▸ ASSIGNED TASK
Pictures are to be excluded. Please print only the lines from the one containing "this 640×480 image." through the end of the data, exactly as they appear.

Collected data:
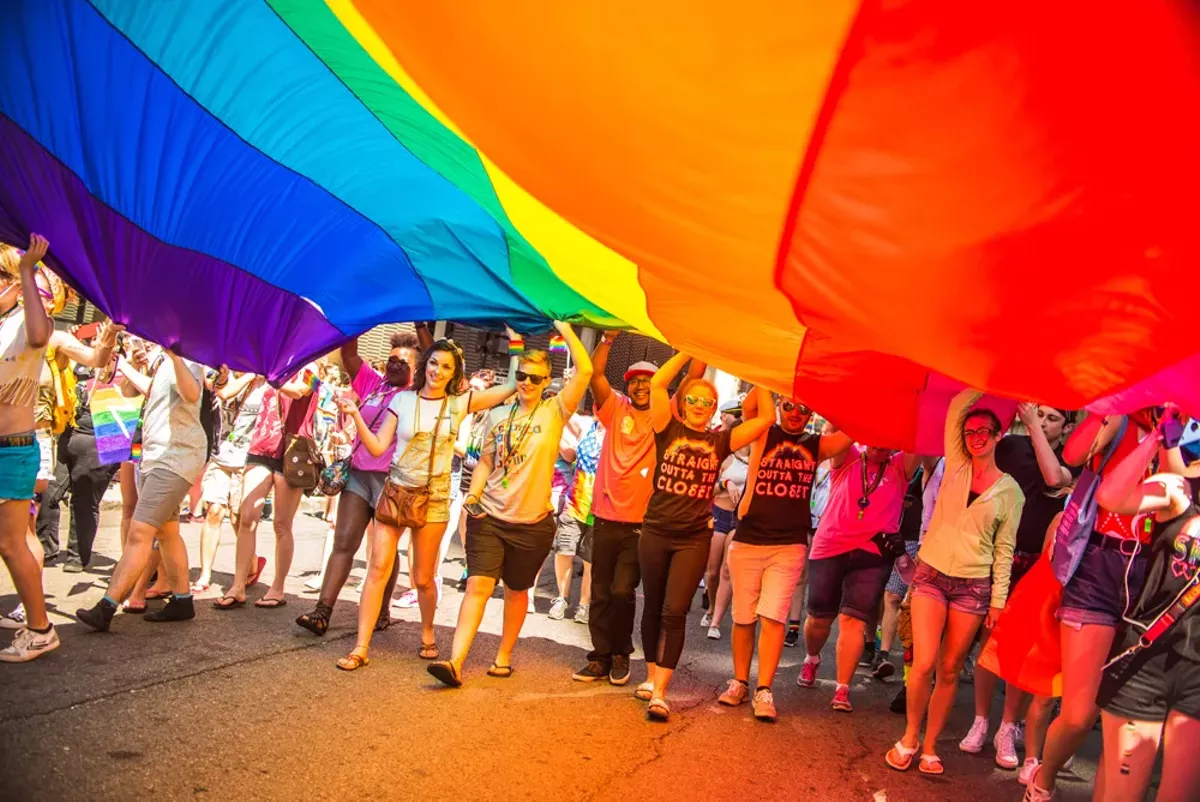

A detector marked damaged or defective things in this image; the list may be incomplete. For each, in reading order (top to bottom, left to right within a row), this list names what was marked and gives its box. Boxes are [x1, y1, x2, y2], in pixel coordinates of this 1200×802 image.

crack in the asphalt [0, 629, 350, 725]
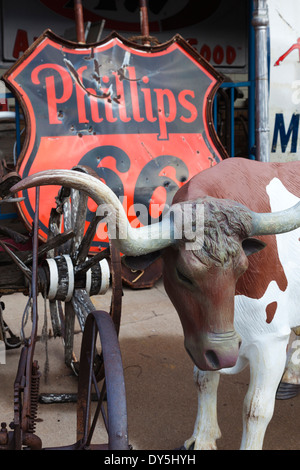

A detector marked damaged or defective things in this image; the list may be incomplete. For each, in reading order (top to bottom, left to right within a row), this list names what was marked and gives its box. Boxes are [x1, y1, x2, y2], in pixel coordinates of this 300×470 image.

rusty wagon wheel [40, 163, 122, 376]
rusty wagon wheel [76, 310, 129, 450]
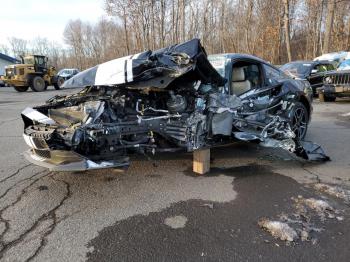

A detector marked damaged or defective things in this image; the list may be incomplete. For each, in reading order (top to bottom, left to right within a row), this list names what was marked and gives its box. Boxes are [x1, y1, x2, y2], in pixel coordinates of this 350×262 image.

crumpled hood [62, 37, 226, 89]
shattered windshield [208, 54, 227, 77]
damaged front bumper [23, 148, 129, 173]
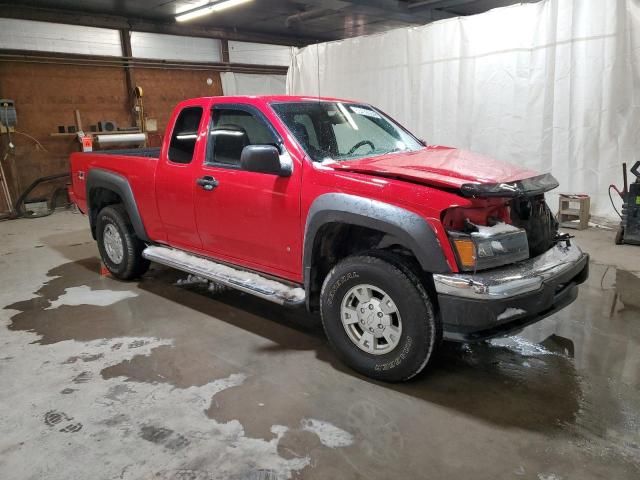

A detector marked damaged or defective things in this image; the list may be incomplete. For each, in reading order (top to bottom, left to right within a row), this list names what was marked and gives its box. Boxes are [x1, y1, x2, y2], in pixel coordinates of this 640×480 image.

crumpled hood [328, 145, 544, 190]
broken headlight [448, 223, 528, 272]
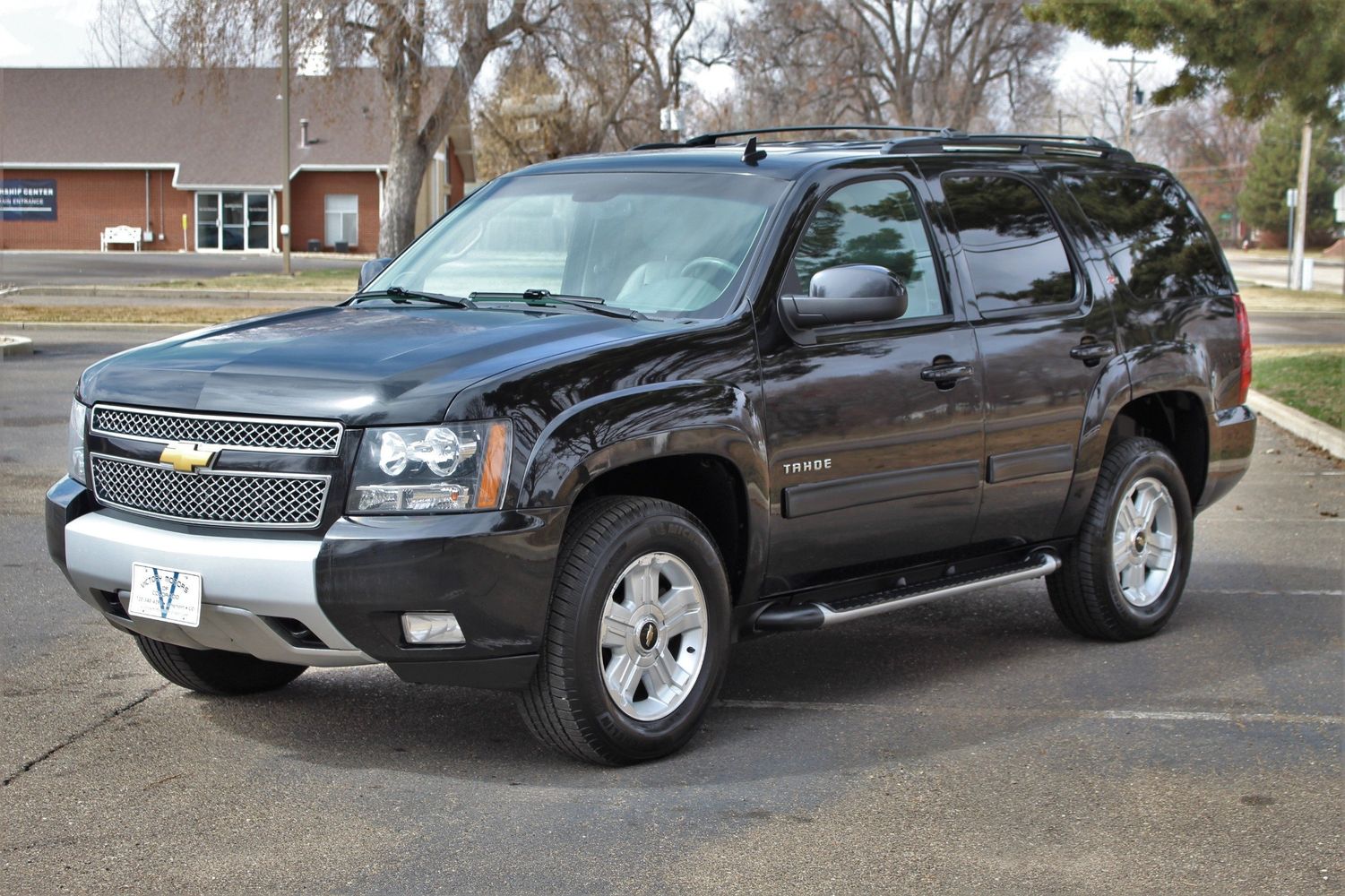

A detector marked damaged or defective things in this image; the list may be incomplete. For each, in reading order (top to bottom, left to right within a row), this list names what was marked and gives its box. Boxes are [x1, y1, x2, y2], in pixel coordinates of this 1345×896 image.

parking lot crack [3, 683, 167, 780]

▸ EXERCISE OUTPUT
A detector marked damaged or defective things in this image; the list may be incomplete. For each, in reading order (top to bottom, left to right within a row), this list names what was marked and gives its box. Boxes are [x1, y1, x2, y2], in pixel coordinates of this 640×480 image.

crumpled hood [328, 145, 544, 190]
broken headlight [448, 223, 528, 272]

A detector marked damaged or defective things in this image; the list may be incomplete. For each, in reading order (top to bottom, left to right within a row), this list names what was marked and gives its box. Boxes are [x1, y1, x2, y2], in pixel coordinates of this 1345×896 image.

parking lot crack [3, 683, 167, 780]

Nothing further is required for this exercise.